Immediately after the Germans arrived, all Jews were registered and marked with yellow distinguishing badges in form of the Star of David. All of their valuables, including fur coats and money, were confiscated by Germans. The Judenrat (Jewish council) and local Belarussian police were created. The ghetto was created rather quickly, within the first month of the occupation. The inmates of the ghetto were forced to perform different kinds of labor, such as railroad construction, and were subjected to regular abuses, robbery, and rape. Many Jews were shot randomly inside the ghetto. By December 1941, all of the Jews were exterminated.
The first execution was conducted in late September or early October 1941 by Einsatzkommando 8. In the course of several executions, about 2,205 Jews were killed in the town and nearby areas. The biggest mass execution was conducted in September by an SS unit. During this Aktion, about 7,000 Jews were killed at the airfield. On November 7-8, 1941 (according to some sources it started on November 6), during the liquidation of the ghetto, 5,281 Jews from the ghetto were taken by truck to the Kamenka village, located 9km away, where they were shot in three mass graves dug in advance by prisoners of war. Before the shooting they were forced to disrobe.
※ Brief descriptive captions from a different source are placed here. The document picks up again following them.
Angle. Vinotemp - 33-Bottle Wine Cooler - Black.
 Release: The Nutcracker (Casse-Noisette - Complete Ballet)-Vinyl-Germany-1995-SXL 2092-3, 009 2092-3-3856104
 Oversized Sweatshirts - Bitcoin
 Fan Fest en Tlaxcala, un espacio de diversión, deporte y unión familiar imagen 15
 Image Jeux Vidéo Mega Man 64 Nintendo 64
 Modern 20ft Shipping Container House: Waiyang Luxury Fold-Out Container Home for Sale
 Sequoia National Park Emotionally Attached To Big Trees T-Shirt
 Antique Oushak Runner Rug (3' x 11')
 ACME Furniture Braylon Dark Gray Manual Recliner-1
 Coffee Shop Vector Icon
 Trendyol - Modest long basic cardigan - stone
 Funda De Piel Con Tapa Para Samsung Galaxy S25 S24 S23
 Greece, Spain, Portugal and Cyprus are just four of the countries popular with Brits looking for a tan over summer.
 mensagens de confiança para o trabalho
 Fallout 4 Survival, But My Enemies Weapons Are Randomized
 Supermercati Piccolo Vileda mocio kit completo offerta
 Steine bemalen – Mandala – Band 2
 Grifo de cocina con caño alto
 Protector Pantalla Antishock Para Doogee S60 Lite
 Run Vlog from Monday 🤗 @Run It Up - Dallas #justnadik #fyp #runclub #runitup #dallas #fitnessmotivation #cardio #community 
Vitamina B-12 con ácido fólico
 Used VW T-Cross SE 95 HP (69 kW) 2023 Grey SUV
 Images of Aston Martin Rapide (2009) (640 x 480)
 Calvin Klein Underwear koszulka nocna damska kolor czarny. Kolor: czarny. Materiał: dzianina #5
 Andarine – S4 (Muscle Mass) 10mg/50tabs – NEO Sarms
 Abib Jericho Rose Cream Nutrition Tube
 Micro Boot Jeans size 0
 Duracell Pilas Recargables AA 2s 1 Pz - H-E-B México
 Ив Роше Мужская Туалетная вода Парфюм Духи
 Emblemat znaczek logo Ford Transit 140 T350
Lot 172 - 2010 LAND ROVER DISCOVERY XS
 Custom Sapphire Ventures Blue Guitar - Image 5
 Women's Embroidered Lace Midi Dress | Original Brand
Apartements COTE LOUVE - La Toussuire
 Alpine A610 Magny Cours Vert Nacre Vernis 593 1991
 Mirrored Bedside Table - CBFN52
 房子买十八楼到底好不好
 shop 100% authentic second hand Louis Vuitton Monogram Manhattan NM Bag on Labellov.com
The shooting was conducted by Einsatzkommando 8 and a police battalionassisted by local police. On December 30, 1941, over 2,500 Jews, including the craftsmen who were purposely left alive and the Jews who attempted to hide, were taken in trucks to the killing site and murdered.
In order to hide the evidence of the crimes, the Germans conducted Operation 1005, in which all of the remains of Jews victims were burned from fall 1943 until January 1944.